Müllcontainer werden üblicherweise regelmäßig geleert, ihr Inhalt wird dann entweder verbrannt oder zum Verrotten auf eine Mülldeponie verbracht. In beiden Fällen führt das Wegwerfen der Pakete unmittelbar zu ihrer Vernichtung. Dies nahm A zumindest billigend in Kauf. Er handelte auch rechtswidrig und schuldhaft, sodass er sich wegen Sachbeschädigung gem. § 303 I StGB strafbar gemacht hat.

V. Konkurrenzen

Den Entschluss, 47 noch nicht zugestellte Pakete zunächst „verschwinden" zu lassen, hat A für alle Pakete gemeinsam gefasst, sodass hier aufgrund einer natürlichen Handlungseinheit von einer Tat auszugehen ist. Gleiches gilt für die Verletzung des Postgeheimnisses sowie für das Wegwerfen von 20 Paketen. Hinsichtlich der entsorgten Pakete erfolgten die Verletzung des Postgeheimnisses sowie die Sachbeschädigung durch eine Handlung, sodass hier von Tateinheit auszugehen ist. A hat sich daher wegen Fälschung beweiserheblicher Daten gem. § 269 I Var. 1 u. 3 StGB sowie wegen Sachbeschädigung, § 303 I StGB, in Tateinheit mit einer Verletzung des Postgeheimnisses gem. § 206 II Nr. 2 StGB strafbar gemacht.

D) Kommentar

(bb). Die dem Fall zugrunde liegende Entscheidung eignet sich gut, das Verhältnis von § 267 StGB (Tatobjekt: Urkunde) und §§ 269, 270 StGB (Tatobjekt: beweiserhebliche Daten) herauszuarbeiten und daher als Klausurvorlage.

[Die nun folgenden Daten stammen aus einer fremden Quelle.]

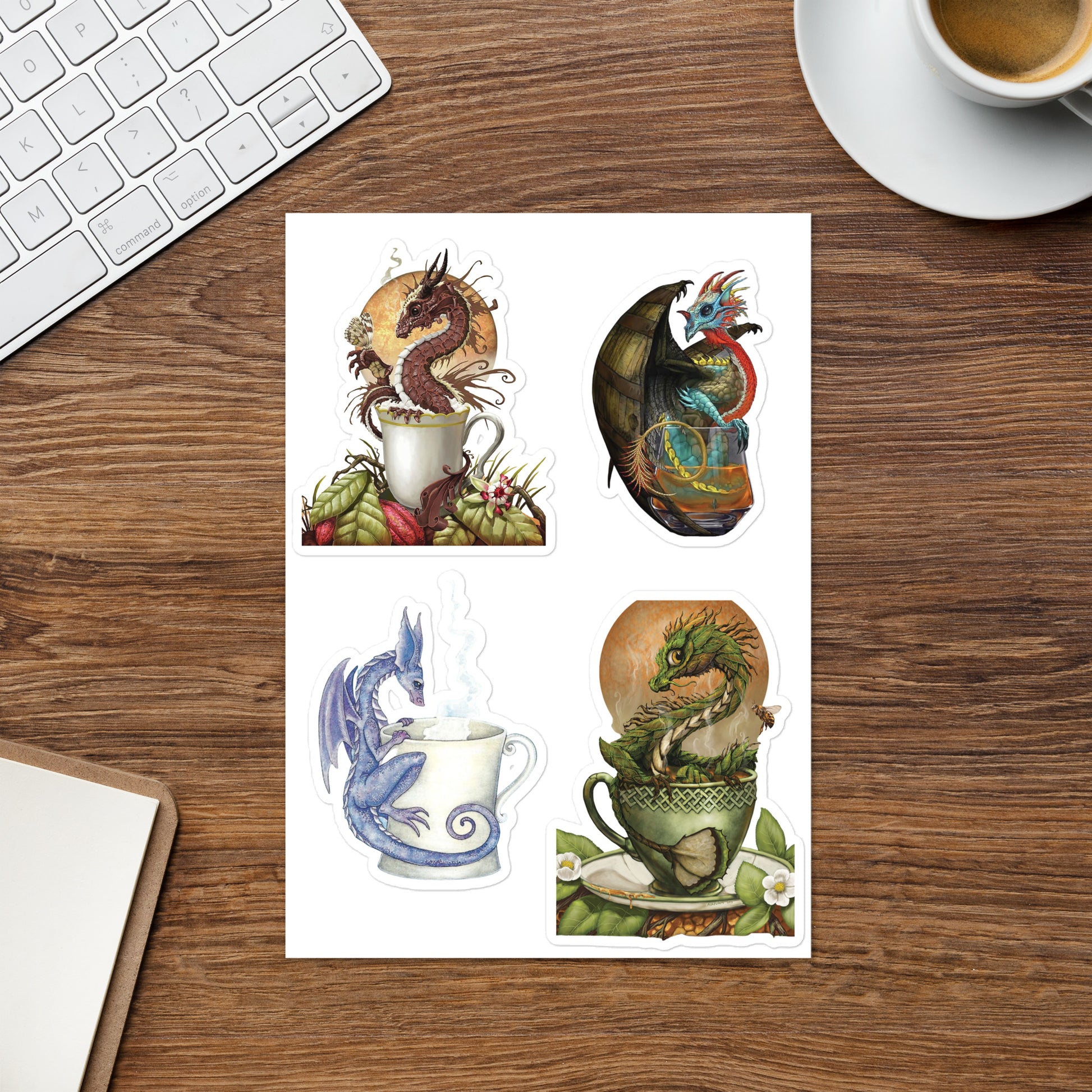 Sticker sheet drinks dragons art DrinkandArt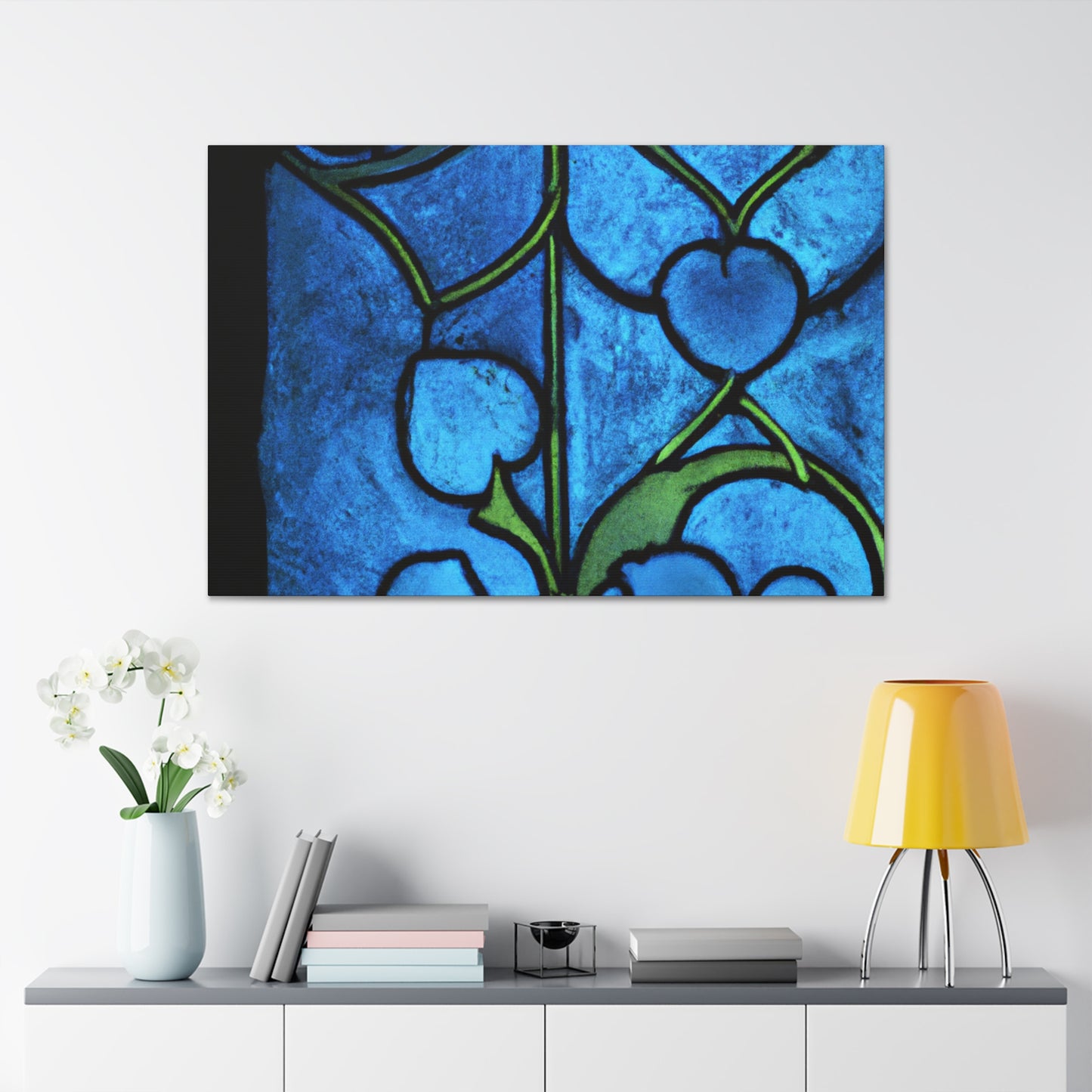 "Blue Petals" - Glass Canvas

Als weiteres Tatobjekt kommen bei den Urkundendelikten technische Aufzeichnungen in Betracht, vgl. § 268 StGB. Hierbei handelt es sich im Kern um Aufzeichnungen, die durch ein technisches Gerät selbsttätig bewirkt werden (vgl. die Legaldefinition in § 268 II StGB). Hierdurch sollen Strafbarkeitslücken geschlossen werden, wenn nach der Verkehrsauffassung kein menschlicher Aussteller ermittelbar ist. Allerdings ist es in aller Regel möglich, bei umfassender Gesamtwürdigung Erklärungen von technischen Geräten den hierfür konkret verantwortlichen Personen im Rechtsverkehr zuzuordnen.

So wird etwa ein Parkticket, welches von einem Parkautomaten erzeugt wird, herkömmlicherweise dem Aufsteller des Automaten zugeordnet. In diesen Fällen liegt dann bereits eine Urkunde i.S.v. § 267 StGB vor. Der tatbestandliche Anwendungsbereich des § 268 StGB ist dann bei systematischer Auslegung bereits nicht eröffnet bzw. tritt nach anderer Auffassung in solchen Fällen wegen seines subsidiären Auffangcharakters hinter § 267 StGB zurück.

E) Zur Vertiefung

  • Zu den Urkundendelikten

Hemmer/Wüst, Strafrecht BT II, Rn. 240 ff.

F) Wiederholungsfragen

  1. Was ist unter einer verkörperten Gedankenerklärung zu verstehen und

    wann liegt eine solche vor?

  2. Worin unterscheidet sich § 269 StGB von § 267 StGB?

  1. Zu den wichtigsten Problemen im Bereich der Urkundendelikte vgl. Berberich/Dunker, Life & Law 2012, 57 ff.

  2. Vgl. BGHSt 3, 85; 4, 285; 13, 239; 16, 96; 18, 66

  3. Vgl. Lackner/Kühl, § 267 StGB, Rn. 6.

  4. Vgl. Tunn, Versicherungsrecht 2005, 1646 (1650).

  5. Vgl. Fischer, § 269 StGB, Rn. 2.

  6. Vgl. Fischer, § 269 StGB, Rn. 4.